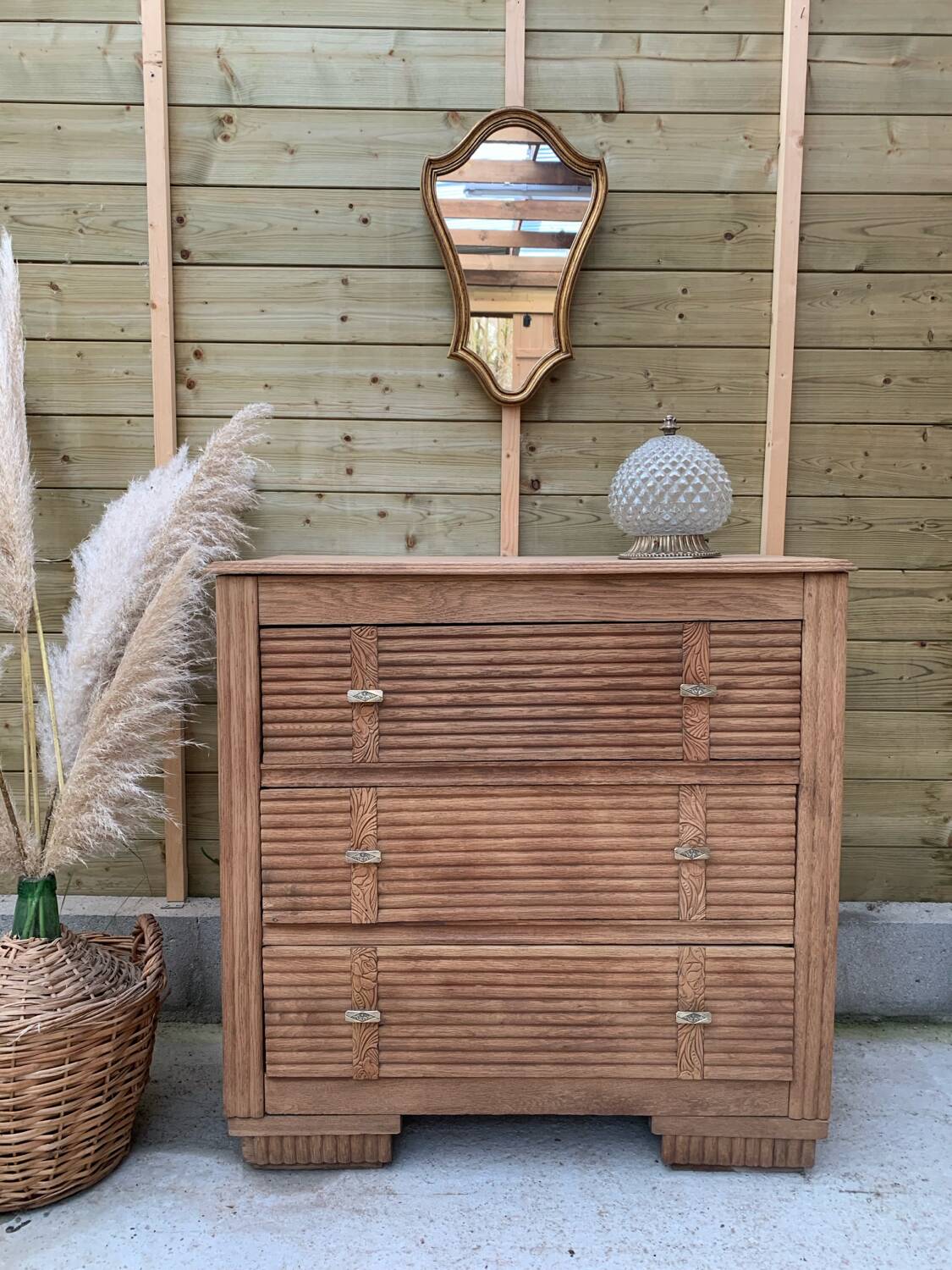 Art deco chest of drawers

==

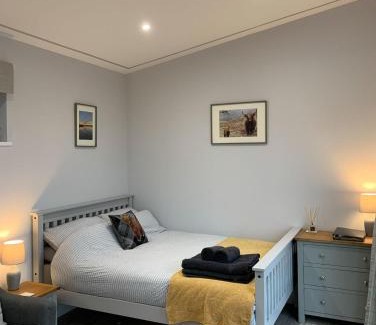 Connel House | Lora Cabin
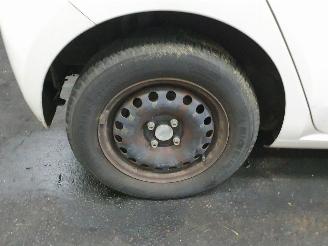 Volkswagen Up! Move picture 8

---

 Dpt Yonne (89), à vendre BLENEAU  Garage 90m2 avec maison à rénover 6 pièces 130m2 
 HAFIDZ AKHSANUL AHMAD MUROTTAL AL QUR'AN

* Prompt
There is a line with "Dpt Yonne (89), à" and a line with "HAFIDZ AKHSANUL AHMAD MUROTTAL AL QUR'AN" above. Copy exactly those two lines and all lines between them, with nothing else.

* Answer to this problem
 Dpt Yonne (89), à vendre BLENEAU  Garage 90m2 avec maison à rénover 6 pièces 130m2 
 HAFIDZ AKHSANUL AHMAD MUROTTAL AL QUR'AN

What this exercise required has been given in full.